=== Entries supplied ===

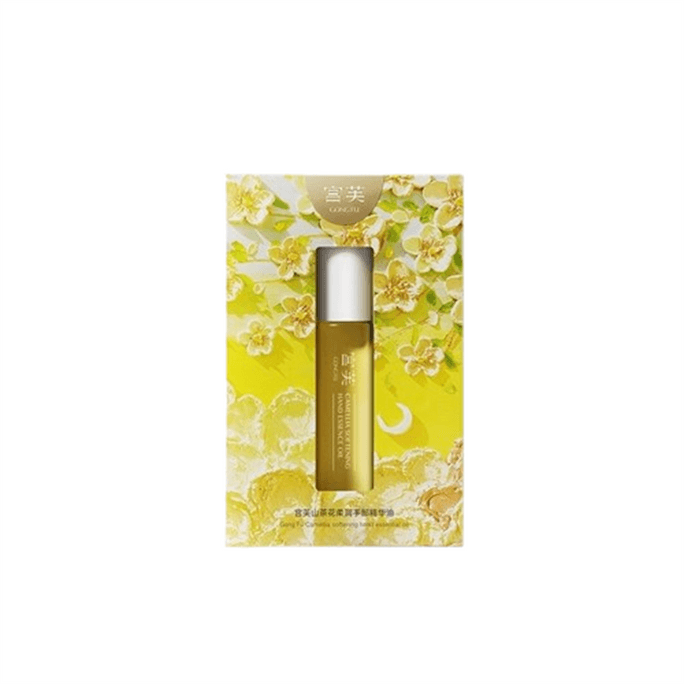 Camellia Softening Hand Essence Oil Moisturizes and hydrates without Greasiness, moisturizes and tightens 10ml per bottle [Xu Lu's same style] 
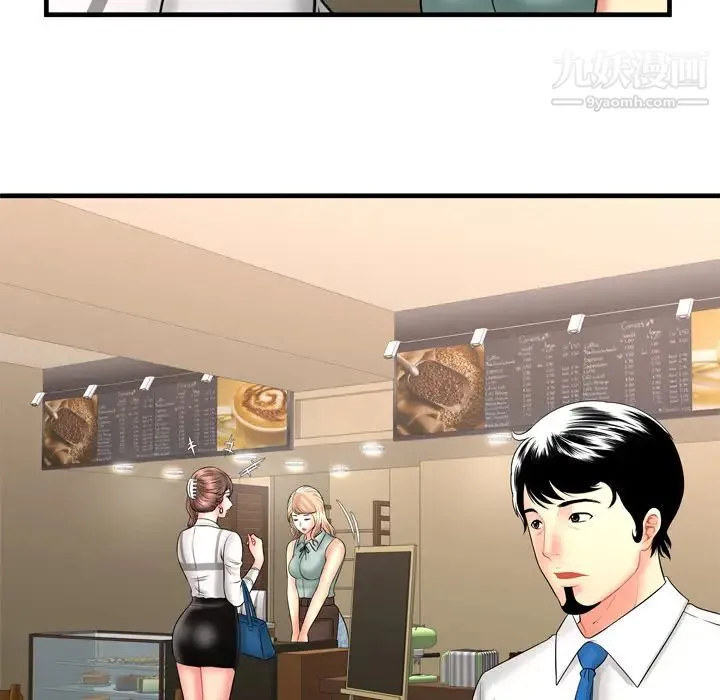 恋上闺蜜的爸爸 第33话 第67页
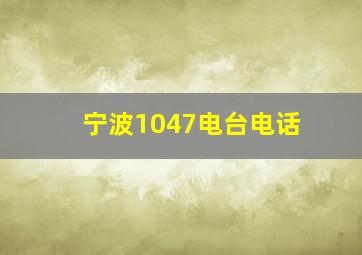 宁波1047电台电话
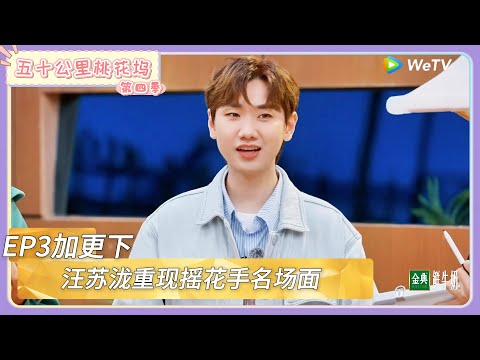 【桃花坞回顾】第3期加更下:汪苏泷重现摇花手名场面 |《五十公里桃花坞 第四季》Wonderland SPECIAL S4#五十公里桃花坞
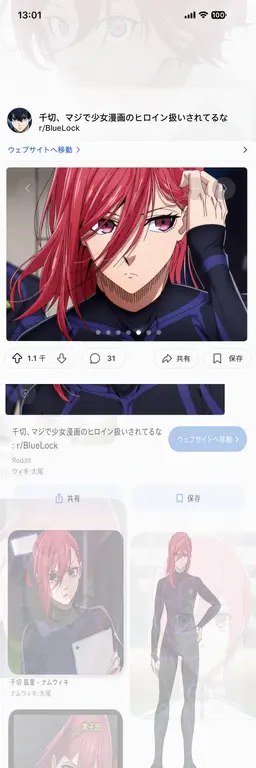 Profile image of 千切豹馬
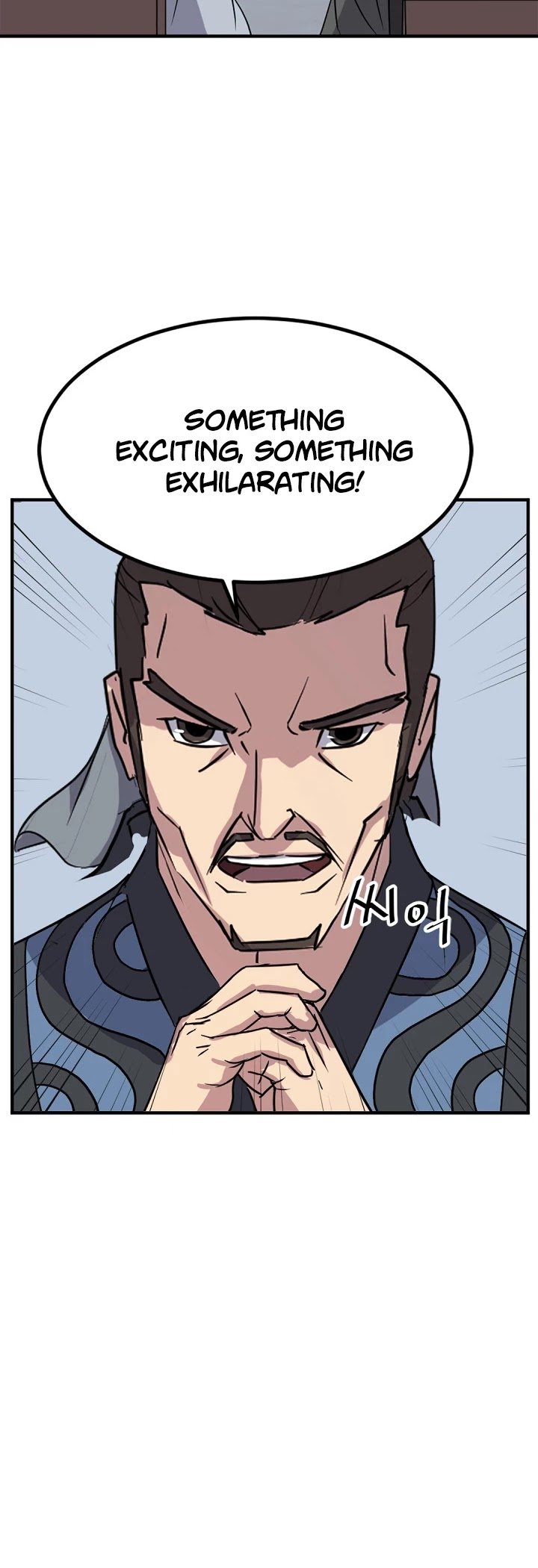Page 28 of Chapter 131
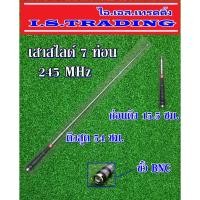 ราคา เสาวิทยุสื่อสาร สไลด์7ท่อน ความถี่245MHz (1878571386)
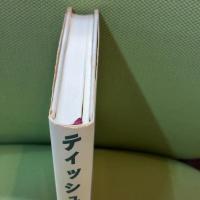 ティッシュ 宝島社 西野 浩司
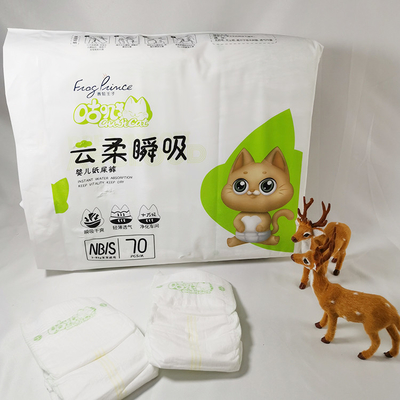 Tùy chỉnh kéo lên Tã quần dùng một lần Quần lót đào tạo không thấm nước thoáng khí Quần lót A Lớp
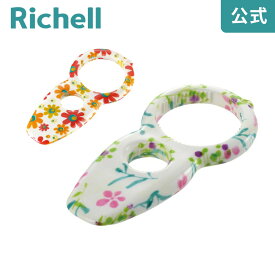【配送区分K1】【公式直営】使っていいね! キャップオープナーリッチェル Richell 栓抜き 蓋 開け る道具 瓶 ペットボトル開ける道具 ユニバーサルデザイン 老人用 女性用 子供用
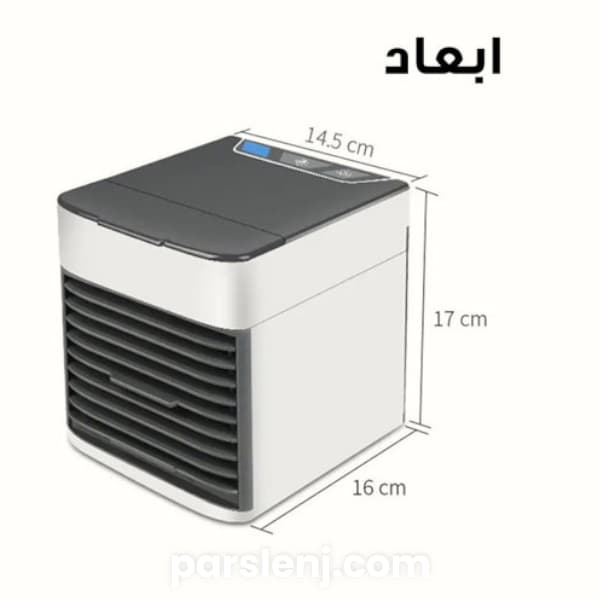 مینی کولر آبی رومیزی شارژی مدل Arctic Air Ultra ا Mini cooler — تصویر ۲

===

- Your assignment -
Going by the entries above, repeat exactly the lines that start at the line with "恋上闺蜜的爸爸 第33话 第67页" and go on through the line with "老人用 女性用 子供用". Pictures are not part of the copy.

- Completed exercise -
 恋上闺蜜的爸爸 第33话 第67页
 宁波1047电台电话
 【桃花坞回顾】第3期加更下:汪苏泷重现摇花手名场面 |《五十公里桃花坞 第四季》Wonderland SPECIAL S4#五十公里桃花坞
 Profile image of 千切豹馬
Page 28 of Chapter 131
 ราคา เสาวิทยุสื่อสาร สไลด์7ท่อน ความถี่245MHz (1878571386)
 ティッシュ 宝島社 西野 浩司
 Tùy chỉnh kéo lên Tã quần dùng một lần Quần lót đào tạo không thấm nước thoáng khí Quần lót A Lớp
【配送区分K1】【公式直営】使っていいね! キャップオープナーリッチェル Richell 栓抜き 蓋 開け る道具 瓶 ペットボトル開ける道具 ユニバーサルデザイン 老人用 女性用 子供用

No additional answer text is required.